Perpetual rebuffs $3bn bid from Washington H. Soul Pattinson
Perpetual has rejected a $3 billion acquisition bid from Washington H. Soul Pattinson (WHSP) as it announces a strategic review of its company.
Investment manager WHSP, which made a joint venture with Pengana earlier this year to establish Pengana’s private credit portfolio, made a non-binding indicative offer to acquire 100 per cent of Perpetual via a scheme of arrangement, conditional upon a demerger of Perpetual’s asset management business.
WHSP is already a Perpetual shareholder with a 9.9 per cent stake.
“WHSP has a deep understanding of Perpetual and its individual business segments, which each have different characteristics and most operate independently. WHSP believes the complexity of the Perpetual Group, together with the current market backdrop and Perpetual’s high financial leverage, is weighing on the share price and constraining Perpetual’s strategic flexibility,” WHSP said as its strategic rationale.
“In WHSP, Perpetual shareholders will not only continue to benefit from Perpetual Wealth Management and Perpetual Corporate Trust’s annuity-style earnings streams but also gain exposure to a broader, more liquid stock backed by a diversified portfolio of quality assets, a net cash position and a focus on wealth creation for retail shareholders.”
However, Perpetual rejected the deal as they felt it “materially undervalues” the firm’s various business divisions and would not be in the best interest of Perpetual shareholders.
In an ASX statement, the firm said: “It materially undervalues Perpetual and its corporate trust and wealth management businesses and offers WHSP shares as a consideration.
“It is conditional on a demerger of asset management which would be distributed in-specie to existing Perpetual shareholders.
“It introduces significant execution and operational risk over a protracted implementation period and consequently may have negative value implications for Perpetual shareholders.”
Earlier that day (6 December), Perpetual also announced a strategic review of its corporate trust and wealth management businesses.
Since its annual general meeting on 19 October, the firm said, it has further progressed the evaluation of those strategic options and will be exploring the benefits of unlocking additional value for Perpetual shareholders through the separation of its corporate trust and wealth management businesses. It will also look to create a more focused asset management business.
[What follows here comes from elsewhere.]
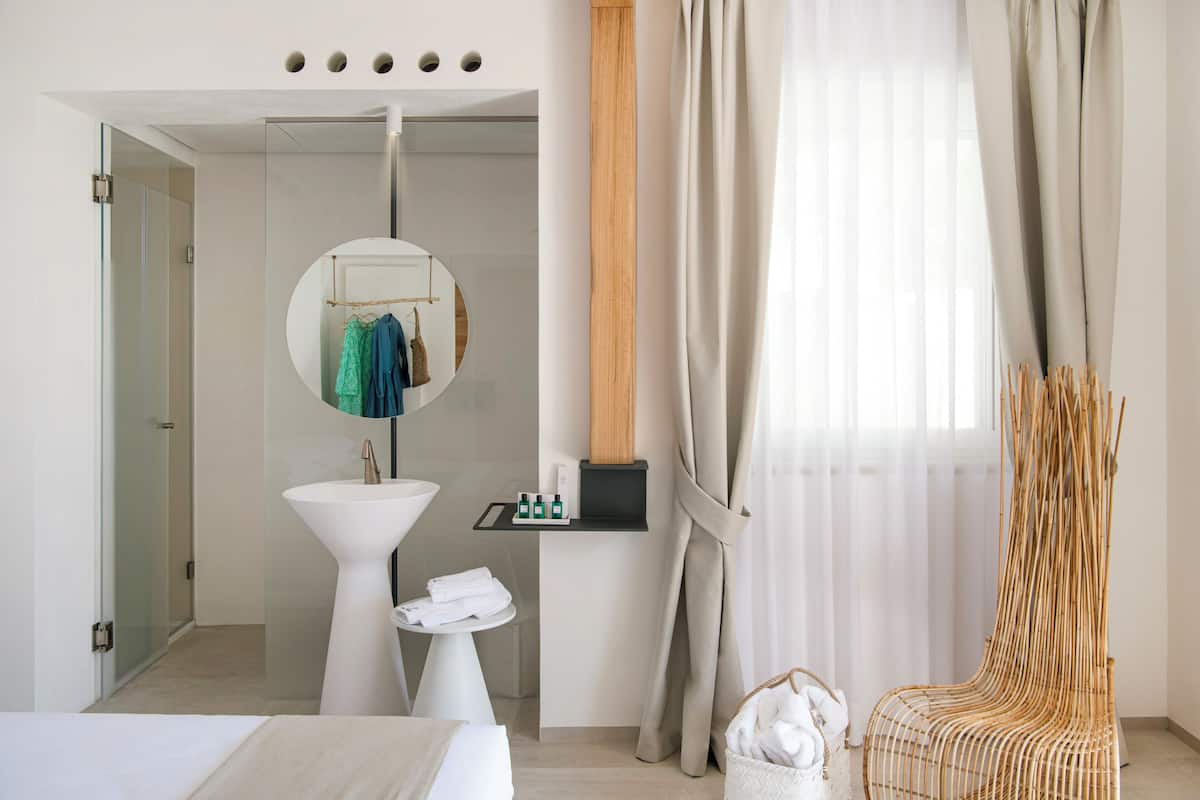 A modern hotel room with a bed, a round mirror, a sink, a small table with toiletries, and a wicker chair.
In August, it shuffled its global asset management leadership to form one global division led by Rob Adams as chief executive of asset management, who will hold the role in addition to his group CEO role.
Graham Kitchen, current chair of Trillium and Perpetual corporate entities in the UK, will temporarily act as the global head of investment strategy while it sources a permanent candidate.
Amanda Gillespie will continue to lead asset management in Australia, and Adam Quaife will lead global distribution – both will join the group executive committee.